Myosin-Induced Actin Filament Bundle Organization – Myo-n-Ease

We characterize each myosin and actin regulatory protein subdomain activity separately, measure the binding affinity between protein partners and then assess the resulting actin dynamics.
Partner #2, an expert on myosin motors, provides structural insights on myosin and Espin proteins in order to design and produce motors for functional studies by Partner #1.
To study the action of proteins on actin assembly dynamics, Partner #1 uses a microfluidics/TIRF experimental approach, capable of addressing actin bundle organization and regulation, with high control over the biochemical conditions.

We found that myosin X is able to remodel a branched actin network in vitro, in the absence of any other actin-binding protein. This would explain the emergence of filopodia in cells, consistent with the convergent elongation model.
Collectively, myosin X can produce a coordinated activity to induce the beating of parallel filament bundles. This activity is only possible for unbranched filaments with one end anchored to a substrate. In the absence of anchoring, myosins tend to separate the bundle into individual filaments. This relative sliding activity of the filaments between each other is a sign of myosin aggregation that is still poorly understood.
We have started to study the activity of myosins in an actin network, in the presence of other regulatory proteins. In the presence of fascin, a protein responsible for grouping filaments into bundles, myosins X are able to bind to the bundles. However, their ability to bend these structures results in erratic brending/beating, and sometimes breakage of the bundles.

Over the next few semesters, we will address the remaining questions in this project, following its progress as planned. In particular, we will seek to determine the architectural details of the branching networks that myosin X are able to remodel. We will then be able to study the growth of actin bundles generated by myosin X, in the presence of regulatory proteins responsible for the elongation of the barbed end of the filaments (formin and/or Ena/VASP). We will then study the transport properties of myosins as a function of the architecture of actin networks.

The results obtained so far have not been published or presented at international conferences. Depending on the progress of the project, a reasonable goal could be to communicate these results to the community by mid-2022.

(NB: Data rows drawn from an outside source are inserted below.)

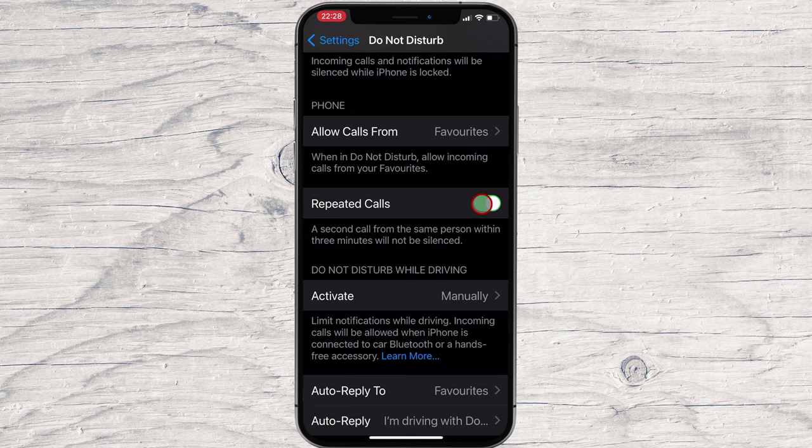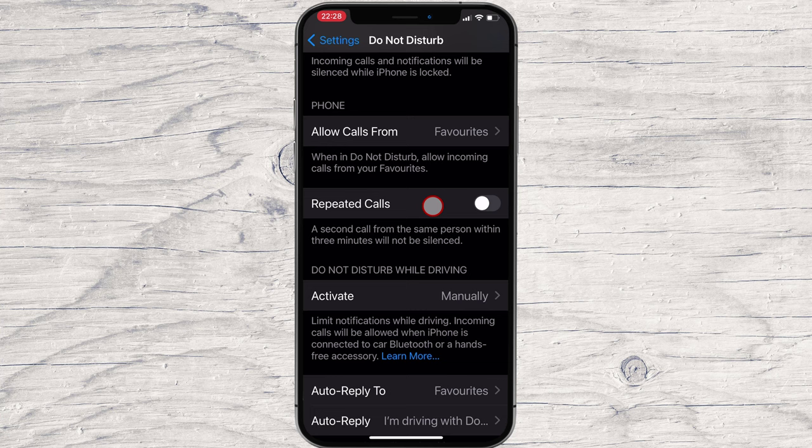For good measure, you should also go into Allow Calls From and select No One. This will prevent anyone from getting through DND, which is good if you don't want any calls when it's on.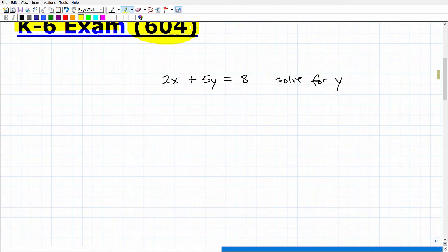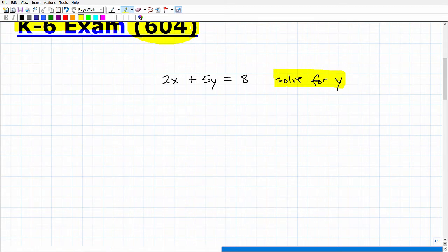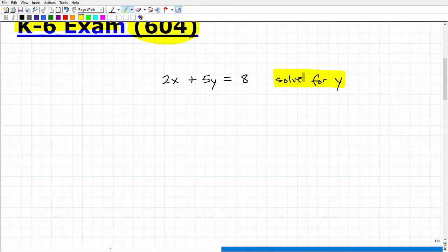The way I like to do these videos is: first I explain what the problem is, then I give a hint, and then I solve it. So if you don't want to hear the hint, pause the video. The problem is: I have the equation 2x + 5y = 8, and I'd like you to solve for y. Another way to state this is to rewrite the equation in terms of y.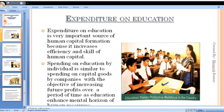Just as companies invest in capital goods like plant and machinery to earn future profits, similarly the individual who gets educated will achieve higher earnings in the future and give better returns to his family who invested in his education.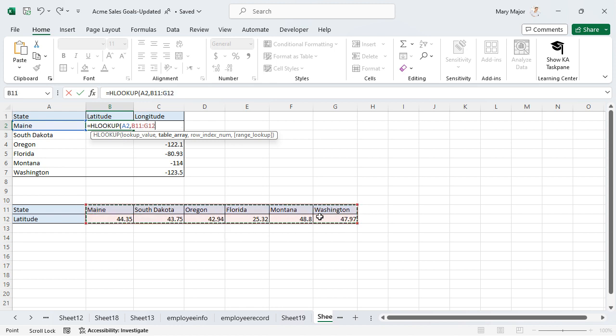Enter a comma. Enter the row index number of the data to be retrieved. Enter a comma.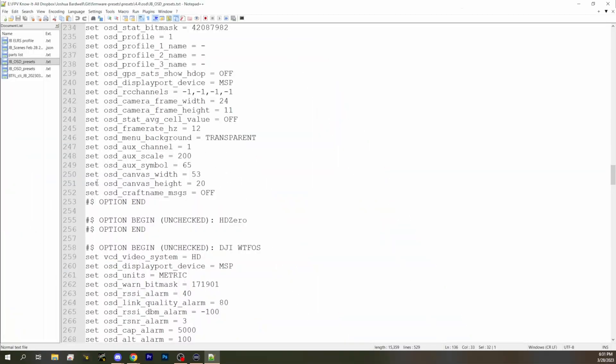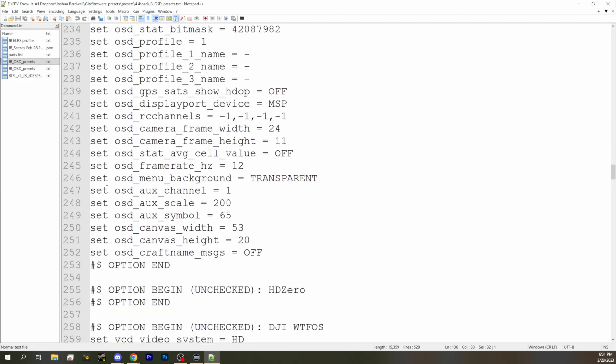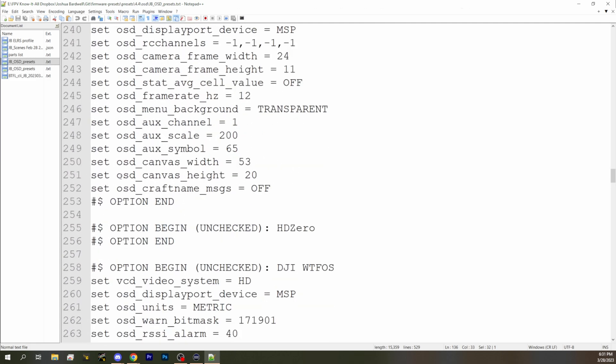I recently ran into an issue where I copied the CLI from one quad to another — it had the wrong canvas dimensions, and my OSD was all messed up and I could not figure out what was going on. So if we look at this text file, in your CLI dump, there are two options: set OSD canvas width and set OSD canvas height.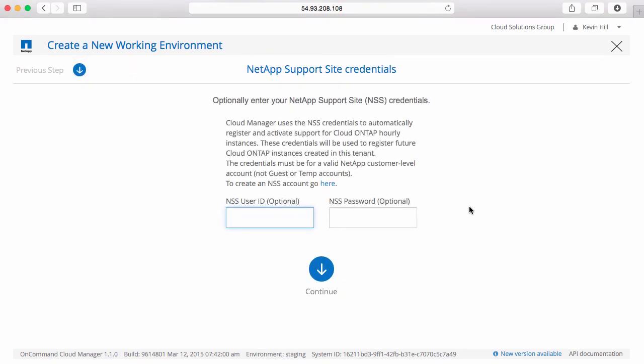And again, since we're deploying a new Cloud ONTAP system, we can automatically register it for support if we already have a NetApp support ID. If we don't, we can click here and follow the instructions and provide the information to gain one. Let's go ahead and continue without that ID for now.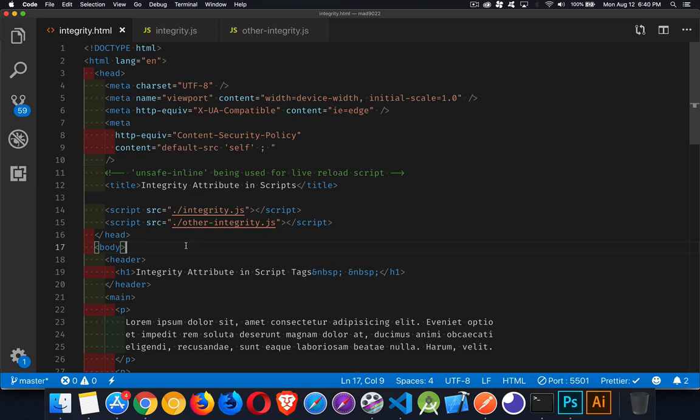So next up, I want to talk about the integrity attribute that you can add to your script tags. This is a way that you can protect yourself from people messing with your scripts or somebody injecting code or altering scripts that you're using on your page.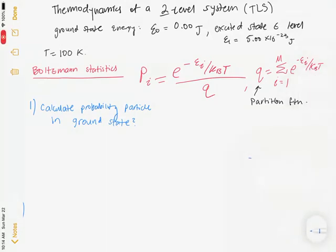To calculate the probability of a particle in the ground state, the first question asks about the thermodynamics of a two-level system with a ground state energy of zero joules and an excited state energy of 5×10⁻²³ joules, at a temperature of 100 Kelvin. We will use Boltzmann's statistics to solve these problems.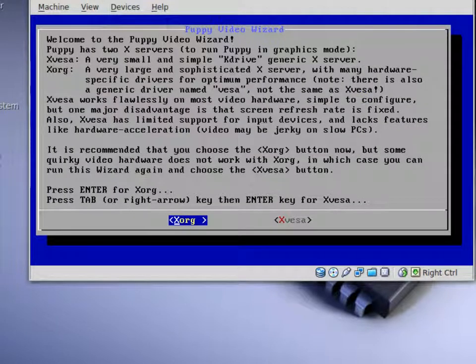This right here is where you can set up device drivers for your video so that Puppy Linux will know which video to use to be presented on your screen.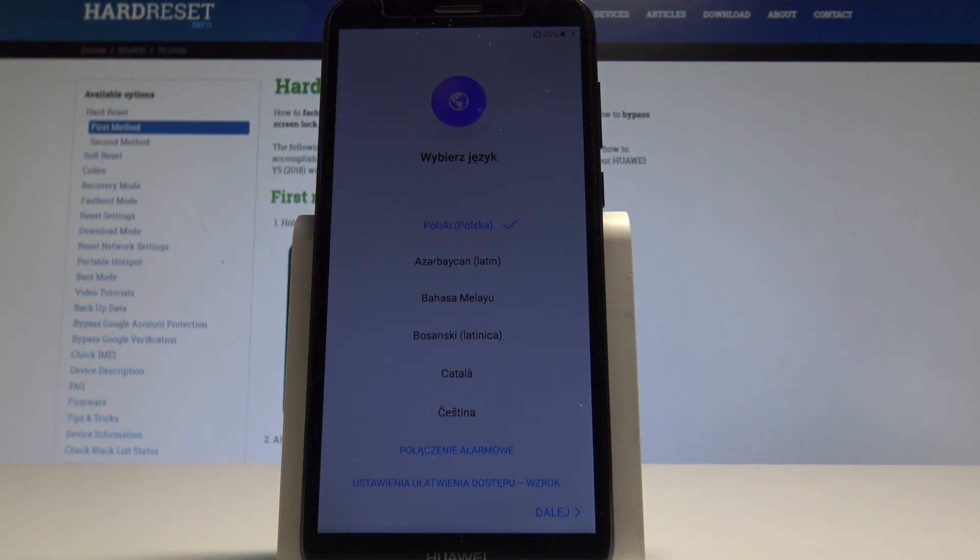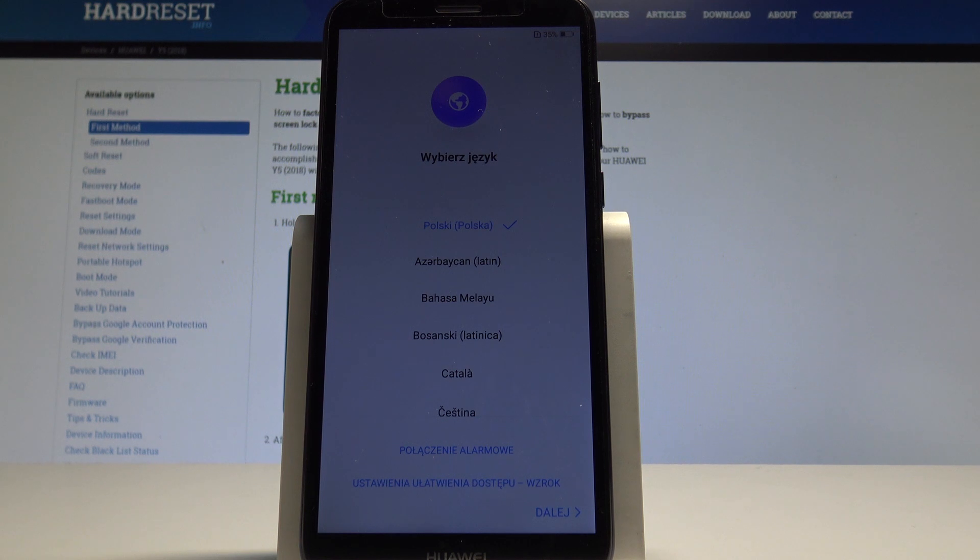Excellent! The welcome panel just popped up, so it means the hard reset is done. Now you may start to easily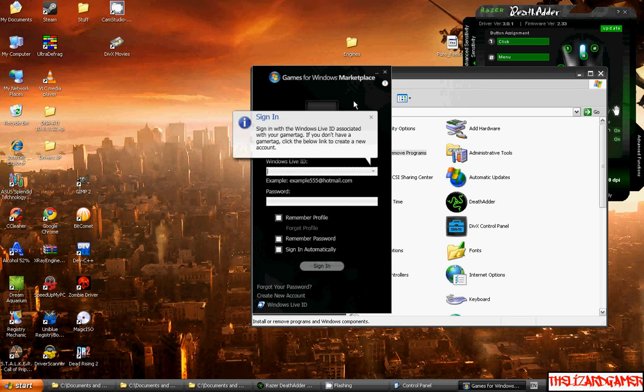It will download a little program, you'll install it, it's the newest version, and it will install.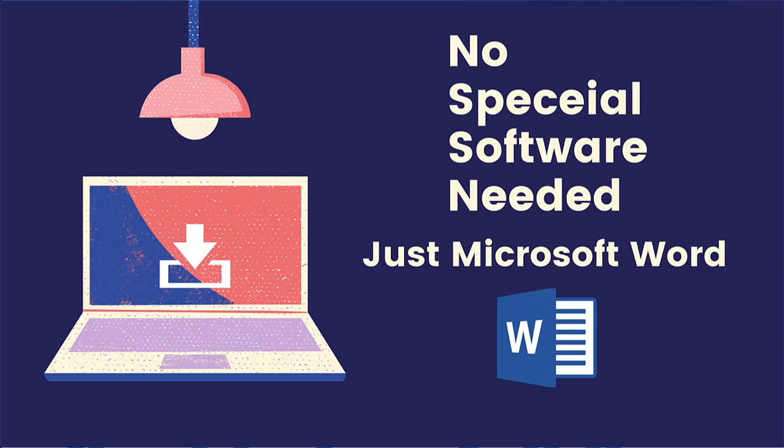Do you know that Microsoft Word has a hidden PDF converter that can convert any PDF file into a Word document? Yes, it works even with scanned PDFs. You no longer need to download any specialized PDF converter or pay online for this task.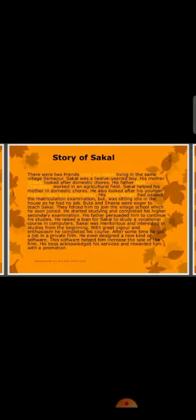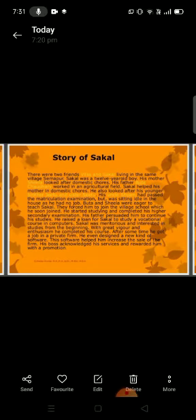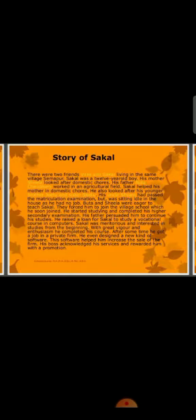His uncle Siam had passed the matriculation examination but was sitting idle at home as he had no job. Buta and Sheila were eager to educate Sakal and forced him to join the village school, which he soon joined. He started studying and completed his higher secondary examination. His father persuaded him to continue his studies and raised a loan for Sakal to study a vocational course in computers. Sakal was meritorious and interested in studying from the beginning.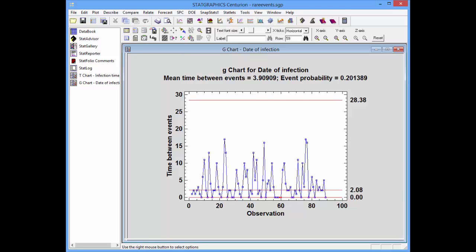The T chart and G chart add important capabilities to StatGraphics' extensive collection of statistical process control charts.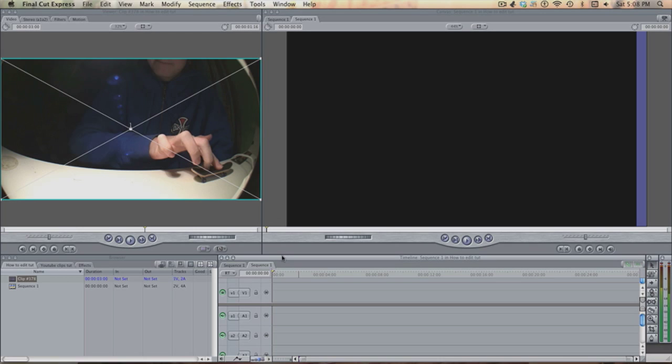Here we are in Final Cut Express. The main thing you'll see is mine looks really strange. I just did this for tutorial purposes because I wanted the main screen to be big, the edit screen to be big and the timeline to be small just so you can see what it will finally look like.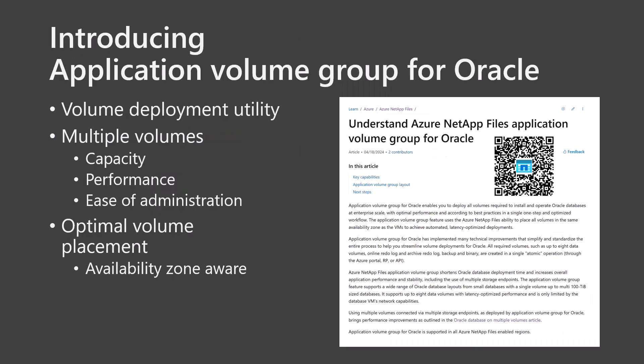Although you can get good results by creating Azure NetApp Files volumes one by one, you will not have control over the storage endpoint selection. And more demanding databases may require more throughput or capacity than a single Azure NetApp Files volume can support. We're introducing Application Volume Group for Oracle, which is a volume deployment feature, which optimizes multiple volume placement in the Azure infrastructure in a single atomic operation.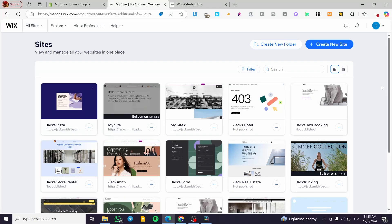How to create a product subscription in Wix. Hello guys and welcome to this new tutorial. In today's video I'm going to show you how simple it is to create a product and add a subscription to it in your Wix store. All you need to do is follow the tutorial from beginning to end.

Filopodia and stereocilia are two typical membrane protrusions, that perform specific functions related to the integration of mechanical cues. Filopodia are specialized dynamic actin-rich protrusions with emerging roles in the probing of cell surroundings (ECM, neighboring cells, ...) and guidance of cell migration. An amazing feature of hair cell stereocilia, essential for their function, is the staircase morphology of the bundles which implies the precise control of the actin-filled protrusion length by the interaction of myosins motors and actin binding regulators. Current models of stereocilia growth highlight the importance of the actin-filament growth control at the tip while the rest of the stereocilia core remains stable.
The marked differences in bundle size, width and actin turnover between filopodia and stereocilia are attributed to the differences in the activity of actin elongators at the tip, but also of the actin bundling proteins and myosin motors involved in building these cellular protrusions, namely Myo10 in filopodia and Myo3 in stereocilia.
Though the role of myosin motors has frequently been limited to cargo tip delivery, there is now evidence that myosins are required to initiate the bundling of parallel actin filaments and play exquisite role in the control of the stereocilia bundles in concert with actin binding proteins. In particular, Myo3 forms a very intriguing ternary complex with espin-1, a protein known to bundle actin filaments. It is thus essential to focus our attention on how myosin and actin regulatory proteins work cooperatively to gain insights into the molecular events controlling filopodia and stereocilia length.
We propose to investigate the similarities and differences of the Myo10 and Myo3 motors, their multiple activities on actin bundle dynamics. The originality of the Myo’N’Ease project relies on the unique combination of structural approaches with the study of actin assembly dynamics using in vitro reconstituted actin networks in a microfluidics system. Insights from structural studies will be tested in precise assays that reconstitute actin structures in physiological biochemical conditions, which is essential to propose a valuable mechanistic description.